Therefore each is an immaterial outflow, not like the outflow of
odours, which are conjoined to a decrease of the substance; not
like the outflow of heat from a raging furnace, or anything
similar, by which the spaces in between are filled. For this form
is not anywhere except in the opposite and withstanding body; the
form of the light on its opaque surface, but the form from the
motor virtue in the total corporeality: but in the intermediate
space between the sun and the surface, the form is not but has
been. But if they were to meet the concave spherical surface of an
opaque body, both solar forms would be scattered in that concavity
together with all that abundance with which they have emanated from
the body of the sun: in this way as much of the form would be in a
wide and farther-away sphere of this sort as is in the narrow and
nearer sphere. And since the ratio of convex spheres is the ratio
of the squares of their diameters : therefore the form will be made
weaker in unequal spheres in the ratio of the square of its
distance. And again because circles have the same simple ratio as
their diameters: therefore in longitude the form is weaker in the
same ratio of its distance from its source."
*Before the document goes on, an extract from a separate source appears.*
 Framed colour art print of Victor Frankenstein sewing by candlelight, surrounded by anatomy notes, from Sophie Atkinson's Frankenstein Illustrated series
Though Kepler's own theory differed from Gilbert's it was still
often seen as basically an attraction by an unseen emission theory
akin to Gilbert's - and some like Galileo and Descartes considered
this somehow 'occult' and preferred to look for more simply
mechanical if still unseen causation. Of course Kepler correctly
followed Gilbert in having the Moon causing Earth tides, and additionally correctly had
gravity decrease as the square of the distance from its source
though incorrectly assigned by him to magnetism - basically using a
Gilbert approach and logic. And while Kepler preferred his own mechanical
adaptation of Gilbert's theory, he did at some points use an actual
Gilbert signal attraction theory of gravity to aid
explanation. He did have gravitational effluvia as sometimes material and sometimes immaterial, though he seemingly chiefly settled on an atomist Galileo-Descartes material push-physics mechanism and view of matter.
Kepler rightly judged Tycho Brahe's improved planet motion accuracy as important chiefly because lower accuracy wrongly supported circular orbits and a push-physics, while better accuracy more correctly supported ellipse orbits and really Gilbertian attraction physics. But Kepler's explanation of planetary motion was only of planets motion
around the Sun, not involving the motion of moons around planets -
though Gilbert did consider both. Kepler's theory of planet motion
involved the Sun being the sole causal agent, and involved no
mutual action - though mutual action was central to Gilbert. Kepler
saw the Sun basically as having solid pushing magnetism extensions
that transferred its own rotation to planet orbitings, and as also
having magnetism elastic extensions that somewhat pulled planets
towards itself. This was an explanation that could theoretically
work for planet orbiting only, and nothing else, and it was far
from realistic physics. It seems unlikely that Kepler actually developed his astronomy maths from that,
and somewhat more likely that he really did so like Newton from the attraction physics that he sometimes adopted ? (See www-history.mcs.st-andrews.ac.uk/Extras/Keplers_laws.html and www-history.mcs.st-andrews.ac.uk/HistTopics/Kinematic_planetary_motion.html)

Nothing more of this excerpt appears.